The task >> Below are entries; repeat exactly, and nothing else, the lines from the one holding "8463 Morningside Dr, Blaine, WA" through the one holding "Gucci burgundy and pink GG silk jacquard tie", inclusive. Leave the pictures out.

Task input >>
....
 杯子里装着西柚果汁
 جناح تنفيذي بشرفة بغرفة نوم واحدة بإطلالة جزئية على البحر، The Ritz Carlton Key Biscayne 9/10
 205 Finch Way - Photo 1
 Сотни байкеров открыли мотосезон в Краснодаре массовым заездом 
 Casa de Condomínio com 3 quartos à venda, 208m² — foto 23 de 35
....
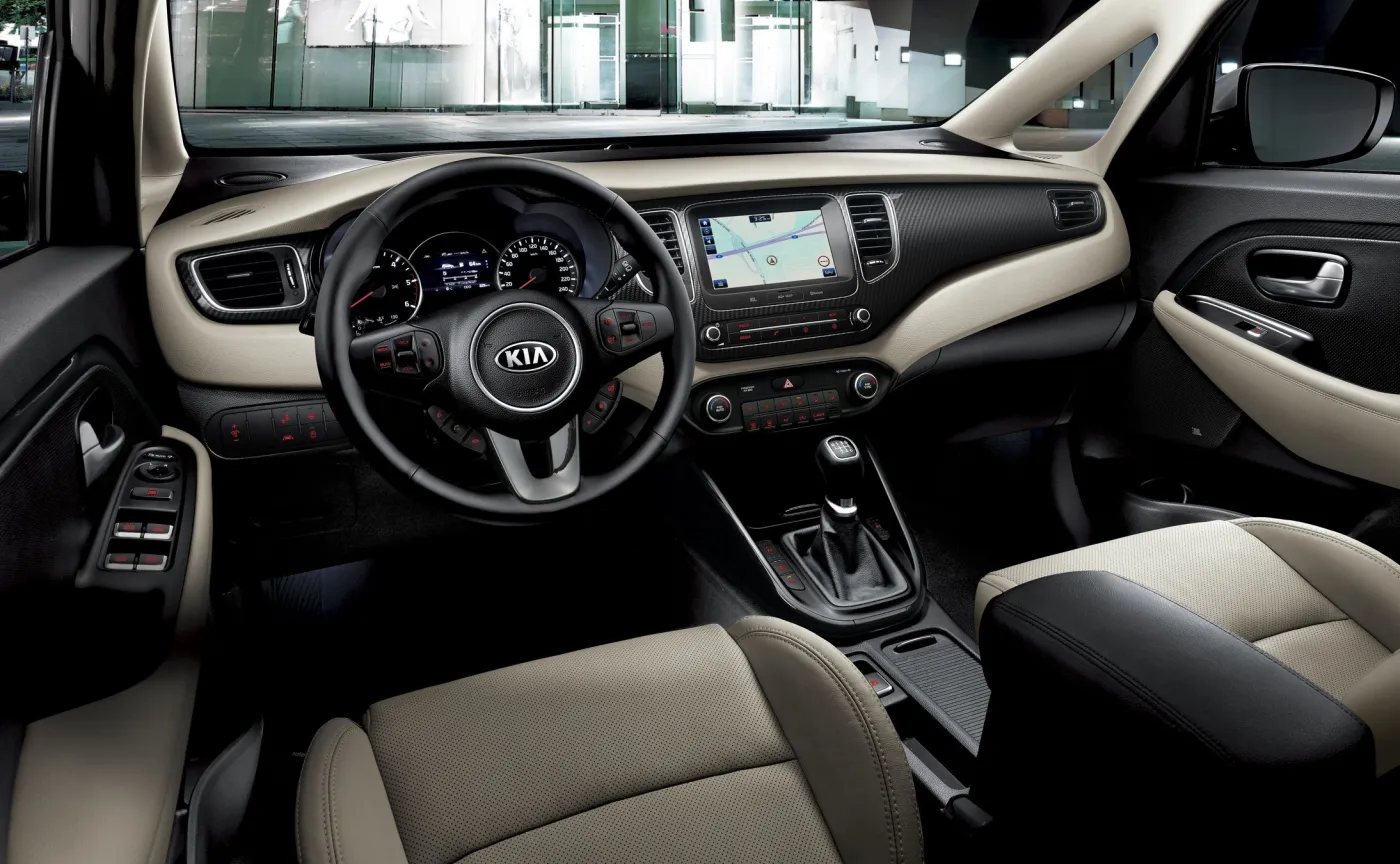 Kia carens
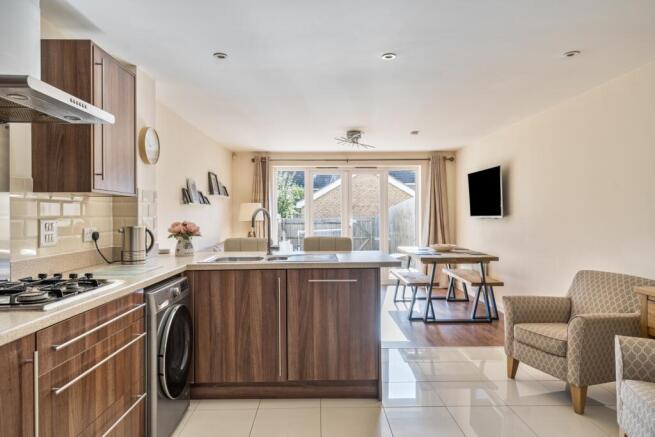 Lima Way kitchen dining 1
....
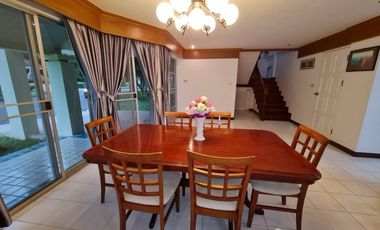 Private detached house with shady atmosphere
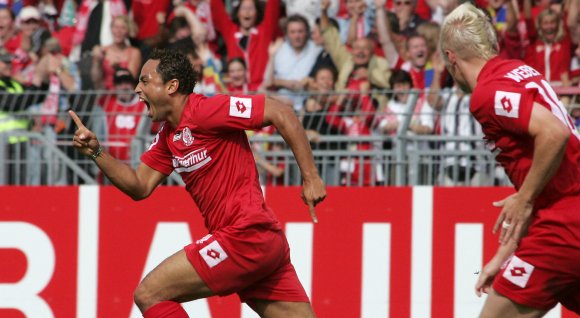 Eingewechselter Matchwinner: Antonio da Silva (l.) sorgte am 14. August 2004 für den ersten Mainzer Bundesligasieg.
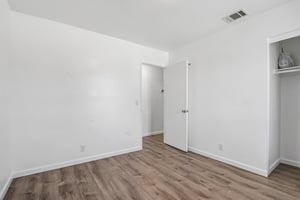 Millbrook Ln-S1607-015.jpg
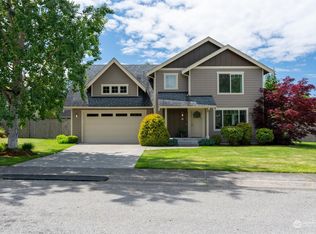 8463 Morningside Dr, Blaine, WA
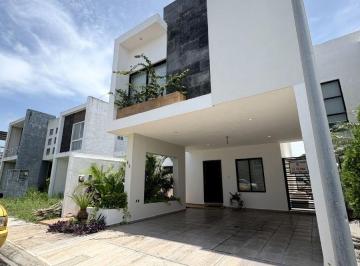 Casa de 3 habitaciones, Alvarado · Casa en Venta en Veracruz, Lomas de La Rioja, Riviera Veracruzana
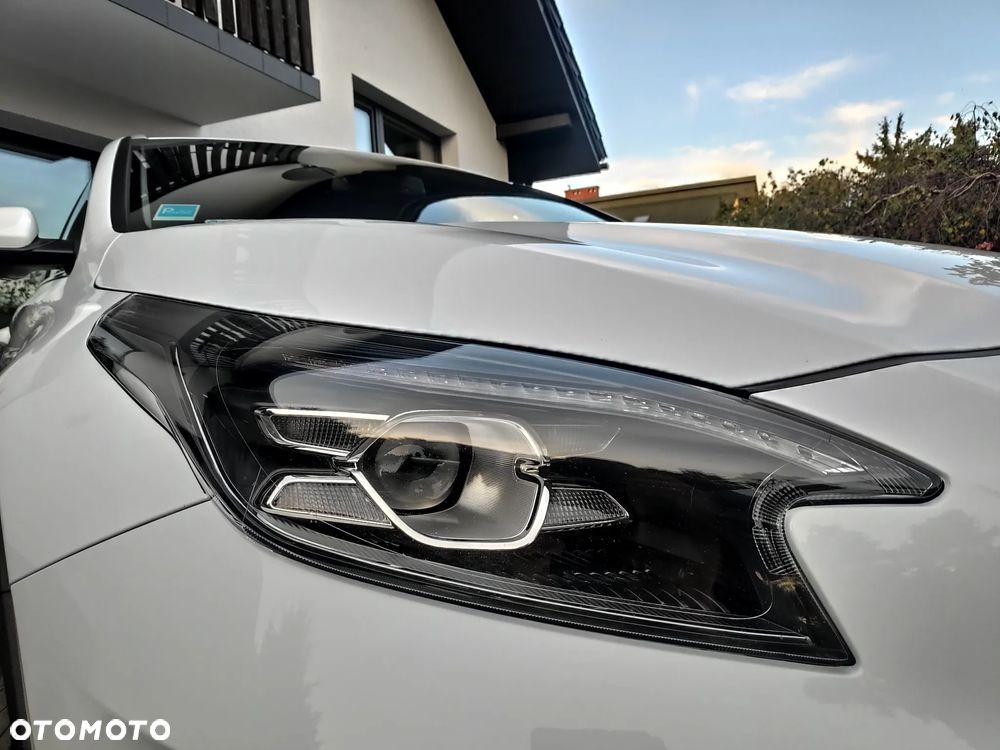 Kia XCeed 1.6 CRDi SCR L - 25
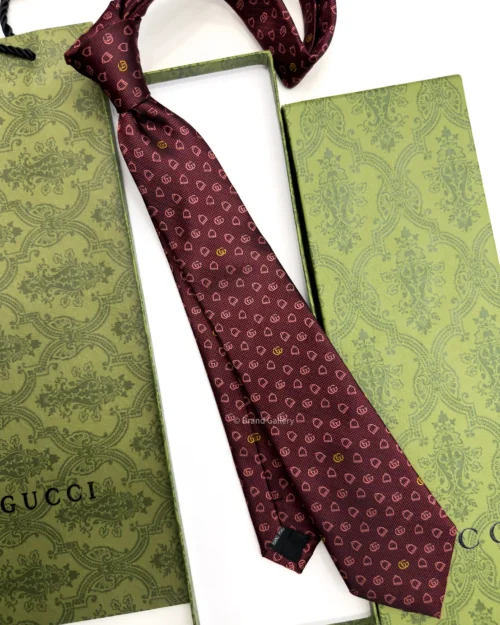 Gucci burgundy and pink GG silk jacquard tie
....
Output of the exercise >>
 8463 Morningside Dr, Blaine, WA
 Casa de 3 habitaciones, Alvarado · Casa en Venta en Veracruz, Lomas de La Rioja, Riviera Veracruzana
 Kia XCeed 1.6 CRDi SCR L - 25
 Gucci burgundy and pink GG silk jacquard tie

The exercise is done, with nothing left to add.